More than 26,000 attendees from 34 nations participated in the 2012 edition of ICFF, which took place at the Jacob K. Javits Center in Manhattan from May 19-22. Simultaneously, numerous parallel events and spin-off fairs took place, a phenomenon that design industry insiders refer to as New York's "Design Week," even if not officially so. (Note: there is an initiative underway to form an official "Design Week NYC," set to debut next year with a structure similar to that of Fashion Week.) Making it to many of the product-launch parties, lectures, or even to all 535 booths of ICFF alone is humanly implausible. But getting an overview of trends is possible by analyzing how leading publications known for their design coverage documented the events.

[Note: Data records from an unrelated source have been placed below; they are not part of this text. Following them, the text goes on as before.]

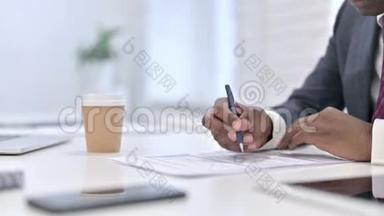 非洲商人在办公室处理财务文件的特写镜头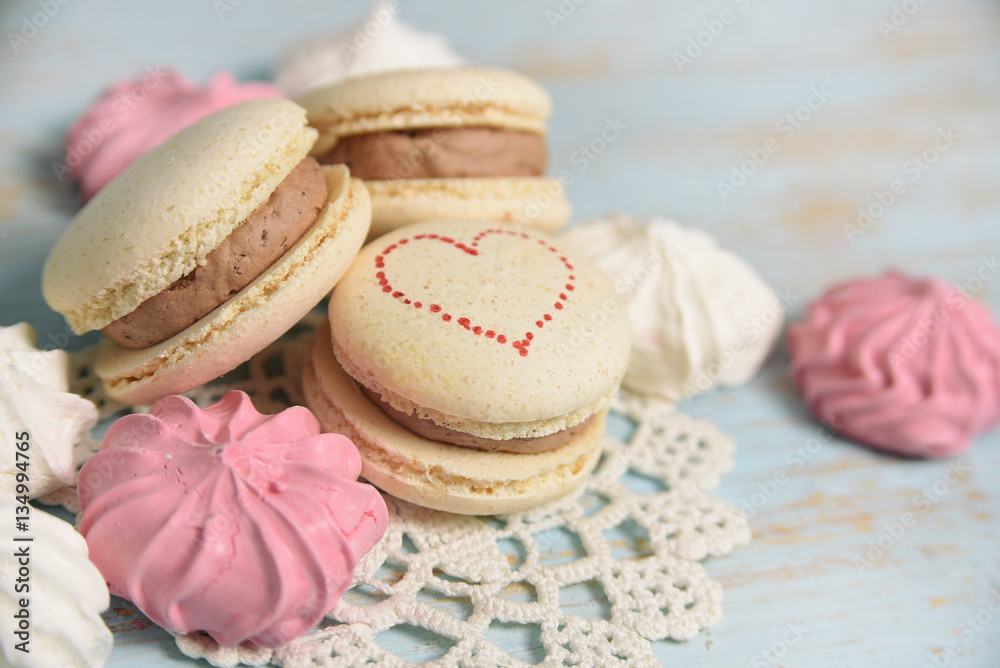 Macaroons and meringues on blue wooden background. french sweets.   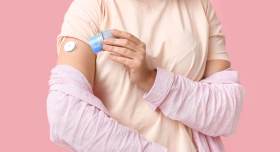 Woman wearing pink shirt applying a glucose monitor to her arm.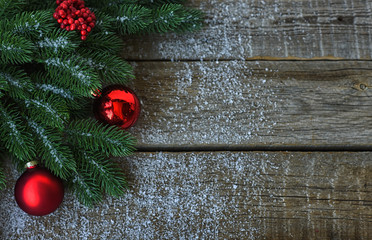 Christmas background for greeting card with Christmas tree branches, decoration and red balls, on on dark wooden board. Top view with copy space for text.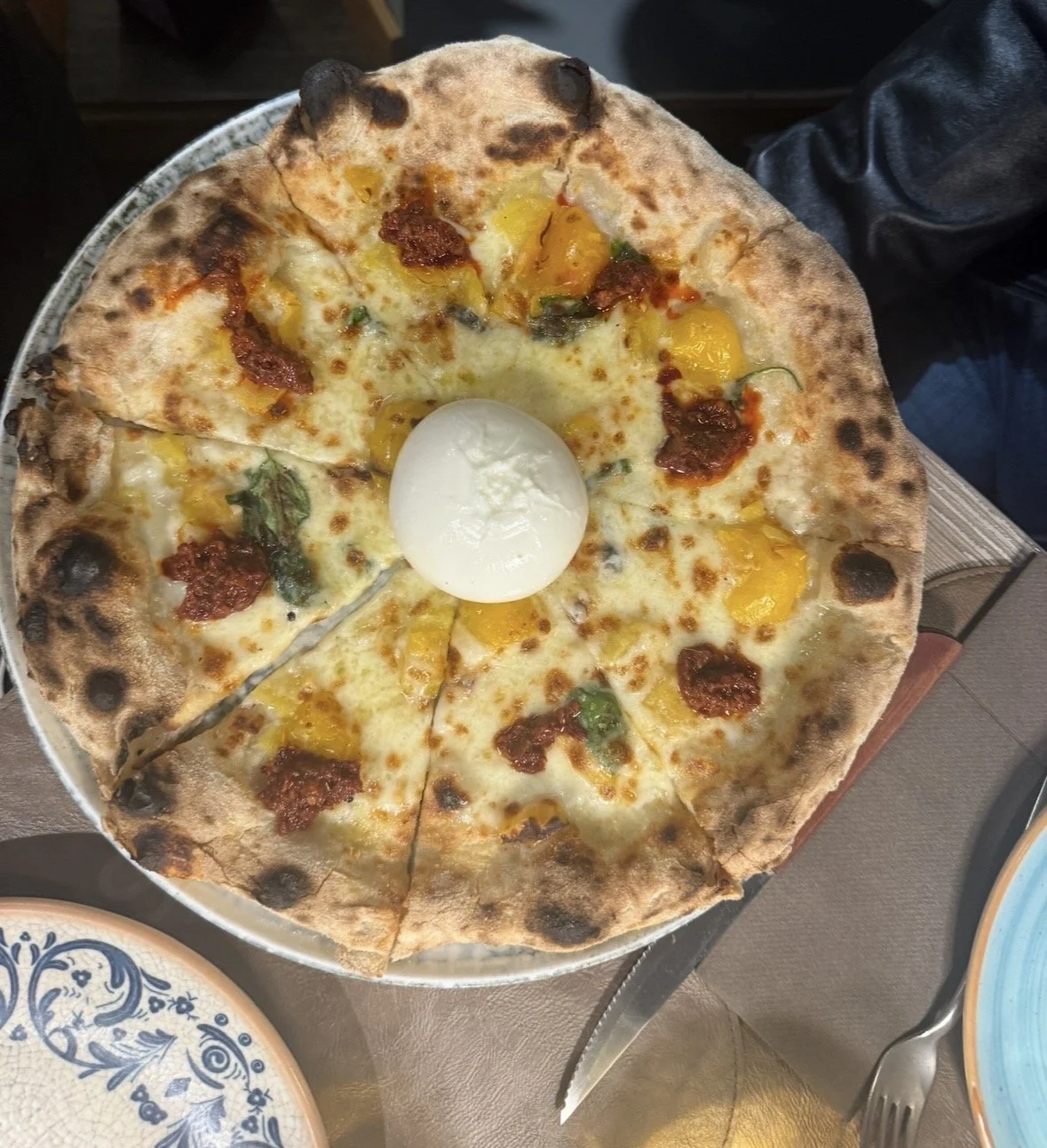 Burrata pizza with tomatoes and basil at Santarpia Florence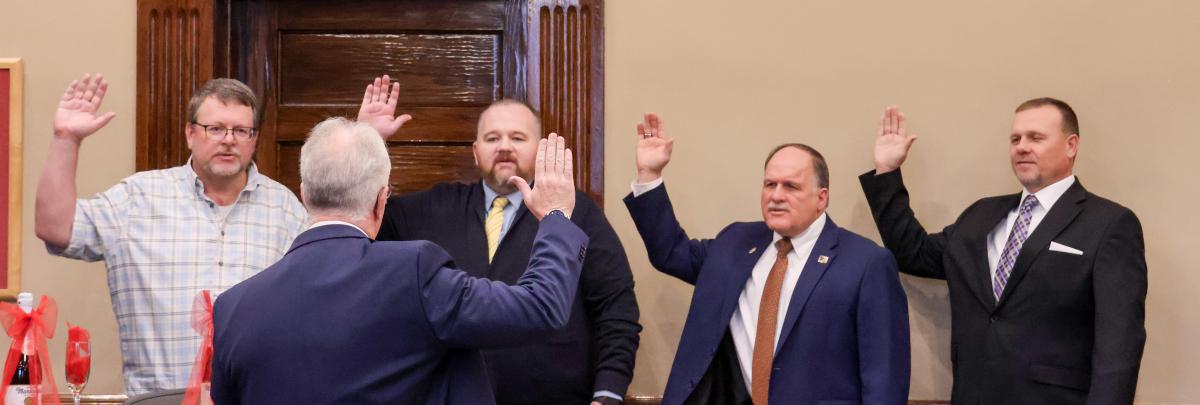 Shaun Thornley, Chad Montgomery, Tyler Vincent and Kory Wilde being sworn in by Judge Kevin Christensen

Here are five trends worth noting from this year's ICFF and concurrent Design Week happenings in New York--as rounded up by numerous in-the-know editors and writers who have, collectively, likely seen it all.

  • Design is a part of the "smart" conversation (and vice versa). Wired Design's Alan Rapp was wise to analyze ICFF through the lens of the smart home. Rapp wrote his review as a vision of the "home of the future." In years to come, he noted, we'll find ourselves in houses with sensor-driven building skins that adjust temperatures via programmable patio shading and window screens; haptic (interactive, touch-responsive) remote controls incorporated into furniture systems; and various 3D-printed decorations. All of these were on view. Once the subject of science-related journals, these technologies are increasingly being given an aesthetic and functional context by designers.
  • Retailers can successfully take cues from art galleries. Design and lifestyle publication Wallpaper named its pick of New York's design week: a presentation of offerings from Matter, a hip SoHo design shop and manufacturer. During Design Week, as Pei-Ru Keh reported, Matter staged a two-part exhibition called "Next World," one part in a "crumbling," off-site retail space that was quite unexpected and dramatic. Its offerings of beautiful pieces by a variety of talented designers, some inspired by the simplicity of Shaker furniture, were showcased (and marketed) as if parts of a stunning art installation. It would be fascinating to see big brands experiment with such an approach.
  • Hands-on demos break up trade fair monotony. Trend site and consultancy PSFK was smart to highlight the trend of pop-up craft workshops at ICFF, which broke up the monotony of row after row of booths filled with furniture. As Dave Pinter reported, these workshops included a demonstration of a 1,400-year-old Japanese technique called Kumiko--a style of carefully joining pieces of wood without nails or glue to fit together on a sliding doors or screens.
  • Keep an eye on France. Perrin Drumm, writing on leading designblog Core77, highlighted how a wave of entrepreneurial designers from France promises to gain visibility and respect in the U.S. and beyond. Drumm reviewed a touring exhibition called "Nouvelle Vague: The New French Domestic Landscape," which was on view at the Wanted Design fair, staged at The Tunnel, a former night club. The show illustrated that French designers generally have a playfully poetic approach to chairs. On view were a skull-shaped seat and an arm chair with built-in, giant light on one side. While the first example might seem somewhat gimmicky, the second shows an awareness of clever hybrid furniture.
  • Handmade trumps sleek and chic The New York Times' Julie Lasky observed that "craft, with its quirks and nicks, threatened to overshadow the sleek machined goods that are a calling card of the 23-year-old event. Wafting through the convention center and satellite design exhibitions around town was nostalgia for preindustrial and early industrial technology." Citing objects such as a handmade, steam-engine inspired chair made with wooden legs and cast-aluminum seat, Lasky suggested that the trend of slick, mass-produced mid-century modern style that characterized the tastes of the 2000s might now be outdated. Instead, authenticity--or at least perceived authenticity--is in among forward-thinking designers.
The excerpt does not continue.